According to an article in The New York Times published July 16, 2012, a former senior Barclays executive claimed he had received instructions from Robert Diamond to lower Libor rates after Diamond's discussions with Paul Tucker, deputy governor of the Bank of England, in which they had discussed the bank's financial position at the height of the 2008 financial crisis.[39] Diamond, who reported that he was "sickened" by news of the Libor scandal, was surprised to see calls for his departure since Barclays had taken the advice of its lawyers to cooperate in the investigation and be first bank to settle the charges.[40]

Diamond's resignation under pressure was controversial.
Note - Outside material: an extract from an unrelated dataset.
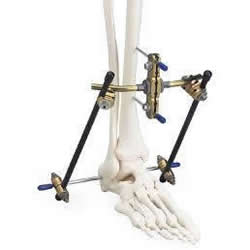 External Fixators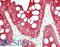 Keratin 18 antibody, LS-B14768, Lifespan Biosciences, Immunohistochemistry paraffin image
The New York Times noted that Diamond's role in the scandal was minimal and suggested that the real reason for his sacking was that he had become the "unacceptable face of banking". The Financial Times reported that "After the financial crisis, the British establishment became very divided over what's the model for the big banks that we want to see. Bob represented investment banking big time. He represented the success of it — but also the sense that investment banking is dicey and not a completely sound business. He represented a way of doing business that we've become very uncomfortable with."[40] In March 2013, Diamond was set to be paid about £2m ($3m) in July, a year after he left the bank following its Libor interest rate fixing scandal.[41]

Atlas Mara Limited: 2013 to date

On November 28, 2013, Diamond and entrepreneur Ashish Thakkar founded Atlas Mara, a company whose geographical area of focus is banking in the African continent.[42] The company was listed on the Alternative Investment Market in the UK on December 17, 2013 through an IPO which raised US$325 million. As of 26 March 2019 (5 years and 3 months after the IPO), the stock price had crashed and had lost 84% of its IPO price.[43] The ticker symbol in London is "ATMA.LN". It trades in the United States on the Pink Sheets under the ticker symbol "AAMAF".

Personal life

Diamond married his wife, Jennifer, an engineer from Michigan, in 1983.[44] They have three children.[citation needed]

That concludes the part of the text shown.